Inserting your leaflet into specialist publications could be another way of achieving a selective distribution – the cost might be comparable with that of a direct postal distribution, so could be worth looking into.

But what of the leaflet itself? Like the mailshot, there is only a short time to get your message across – between the letterbox and the waste bin! This means that the techniques you use in compiling your leaflet must gain the immediate attention of the recipient (AIDA applies in this situation, too), and be relevant to the product or service you want to sell – and do not forget, that is why you are doing the exercise.

Consider ‘visual aids’ to attract the attention of the person picking up your leaflet, and to underline your selling message.

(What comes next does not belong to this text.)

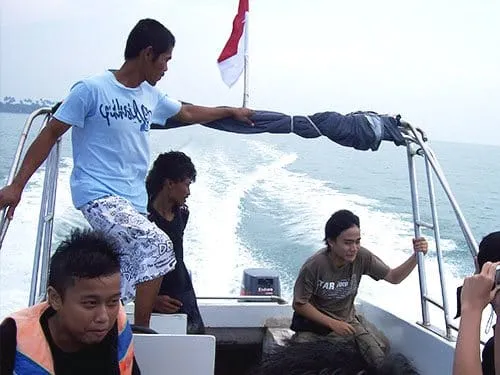 Saat nahkoda mulai mengendarai dengan kaki. Mampus!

Drawings, photographs, cartoons could all come into this category – but choose with care, they must reflect the correct image of what you are offering. Do not infringe other people’s copyright by using their material without permission.

Think about the actual material you will use for the leaflet: something suitable to the image, for instance plain paper or coloured paper? Glossy or matt finish? What sort of weight paper would be appropriate? Would thin card be going too far?

The size of the leaflet could be significant. Would A5 be too small or A4 too large? Will it be a flat sheet, or will it be folded? If so, how – in two or in three? (Who will do the folding and how long will it take? – what would be the extra cost, and would it be worthwhile?)

Give any prices you quote on the leaflet a ‘life’, for example, ‘Valid until end of June’ ‘Special offer for July only’ or indicate a time span by implication – ‘Spring 2007’.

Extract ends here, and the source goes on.